- [Entries provided]:
╭──

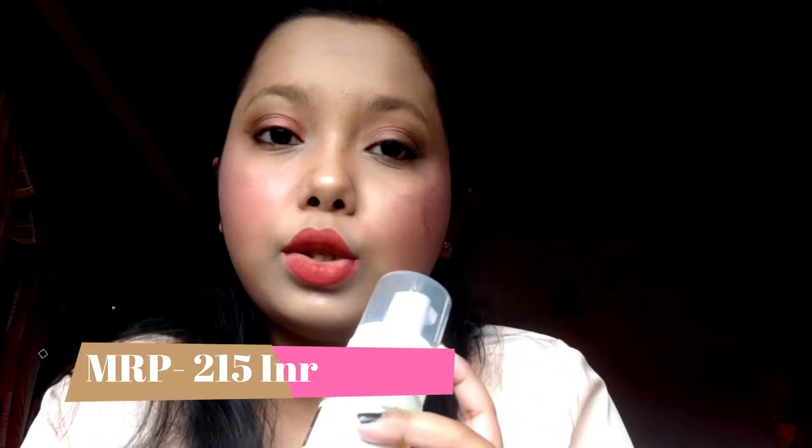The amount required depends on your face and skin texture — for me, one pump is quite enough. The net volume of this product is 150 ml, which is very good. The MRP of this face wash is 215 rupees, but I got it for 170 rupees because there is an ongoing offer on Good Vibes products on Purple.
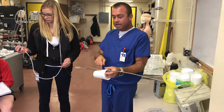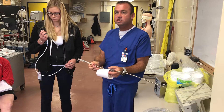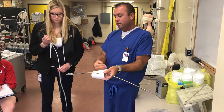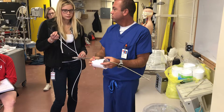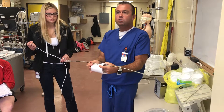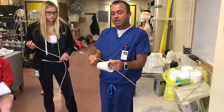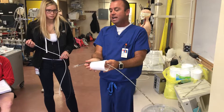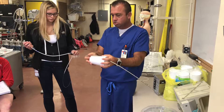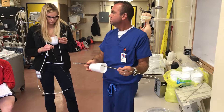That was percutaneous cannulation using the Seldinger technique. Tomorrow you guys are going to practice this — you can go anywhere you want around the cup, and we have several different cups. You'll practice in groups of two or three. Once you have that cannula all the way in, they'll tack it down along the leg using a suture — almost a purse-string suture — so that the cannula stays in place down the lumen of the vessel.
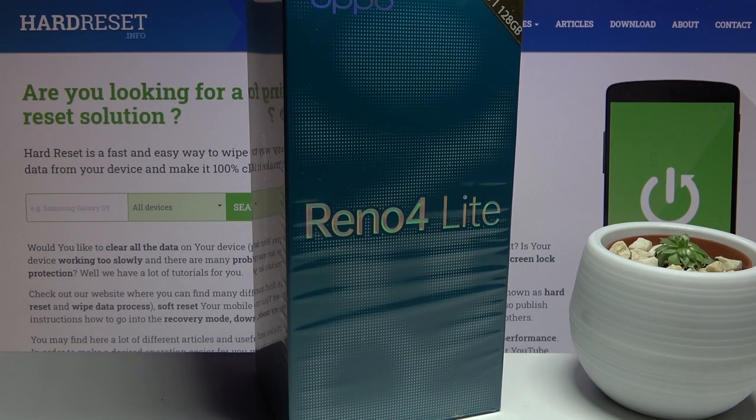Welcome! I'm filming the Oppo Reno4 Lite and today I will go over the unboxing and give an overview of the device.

╰──
╭──

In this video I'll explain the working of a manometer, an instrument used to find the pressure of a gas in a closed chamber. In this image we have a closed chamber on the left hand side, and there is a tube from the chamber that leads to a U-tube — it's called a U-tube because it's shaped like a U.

╰──

- [The task]:
Give the lines above again exactly, from the one containing "The amount required" to the one containing "Welcome! I'm filming", both included, but leave out the pictures.

- [Response to this exercise]:
The amount required depends on your face and skin texture — for me, one pump is quite enough. The net volume of this product is 150 ml, which is very good. The MRP of this face wash is 215 rupees, but I got it for 170 rupees because there is an ongoing offer on Good Vibes products on Purple.
That was percutaneous cannulation using the Seldinger technique. Tomorrow you guys are going to practice this — you can go anywhere you want around the cup, and we have several different cups. You'll practice in groups of two or three. Once you have that cannula all the way in, they'll tack it down along the leg using a suture — almost a purse-string suture — so that the cannula stays in place down the lumen of the vessel.
Welcome! I'm filming the Oppo Reno4 Lite and today I will go over the unboxing and give an overview of the device.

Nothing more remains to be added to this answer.